Social media and the web at large are becoming ever more visual worlds. Rather than share the world around us through words, we allow others to see it through our own eyes in the form of images, audio clips and video. This visually rich world has opened unprecedented opportunities to experience life across the world, witnessing major events as they happen through the perspective of those involved or witnessing them. At the same time, as the web evolves from its textual roots towards a visual-first world, it is increasingly becoming inaccessible to the deep learning and data mining algorithms we rely upon to make sense of its deluge.
Even the most powerful computer vision algorithms today are able to make only the most basic sense of images. The most common production deep learning capability is to tag photographs with predefined libraries of topical keywords. Images are essentially tested against this library of topics and each relevant keyword assigned. At the most basic level they can typically tell you an image contains a crowd, perhaps labeling it a “protest” and maybe even recording that there is a police car and a fire in the background. That’s amazing compared to the limits of even just a few years ago. Yet, it still tells us precious little about the image. It is good enough to flag that there is a dramatic surge in imagery depicting protests coming out of a certain city over the last few minutes, suggesting something big is happening. That alone is tremendously powerful for some applications. At the same time, it tells us nothing more than that. We can’t tell if the police are dispersing the protesters, whether it is a peaceful protest with the “fire” being an orange flag waving in the breeze or if it is a violent riot clashing with police and setting entire buildings on fire.

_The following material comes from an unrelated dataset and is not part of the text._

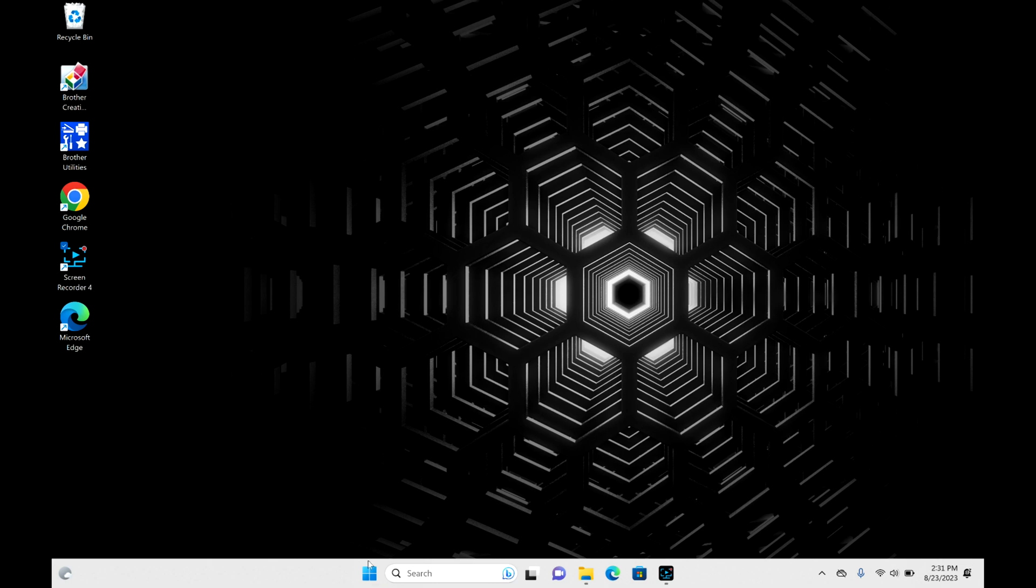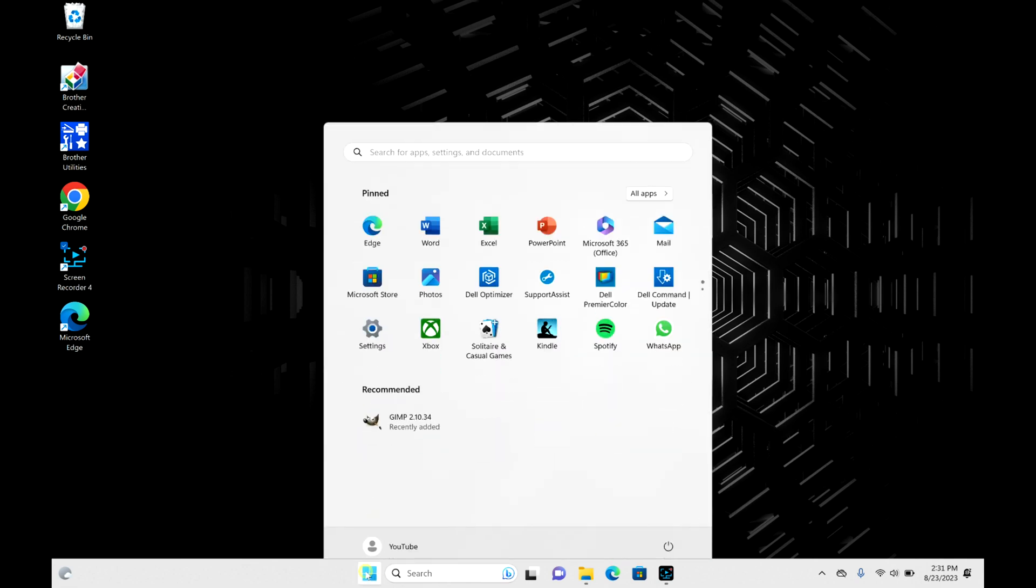So first thing we're going to do is you're going to take that mouse and you're going to move over down to those four squares down here in the corner where it says Start. You're going to go ahead and click on that button. This menu will open up.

The most powerful production tools have larger vocabularies that can add additional context with a richer library of topical tags, but at the end of the day they are still merely assigning metadata tags to images. In many ways we’re back to the days of human catalogers appending a few basic topic tags to each image in the photo morgue.
Many tools recognize logos, which are useful for corporate brand monitoring. There are also tools that can recognize locations, faces, text, etc.
Research grade and some production tools can craft intriguing, but still extraordinarily basic, captions that lend an air of fluency to an otherwise mundane list of metadata tags.
At the end of the day, however, even the best of today’s tools are merely toddlers when it comes to offering useful insights from the firehose of imagery that is increasingly taking over the social sphere.
The extraordinary computational cost of even basic image recognition algorithms means that few social media analytics companies run them at scale across the totality of social media imagery. Some will run basic analyses, such as logo recognition or a small set of predefined topics, but few companies run recognition models with tens or hundreds of thousands of labels across the entirety of imagery in the Twitter firehose, for instance.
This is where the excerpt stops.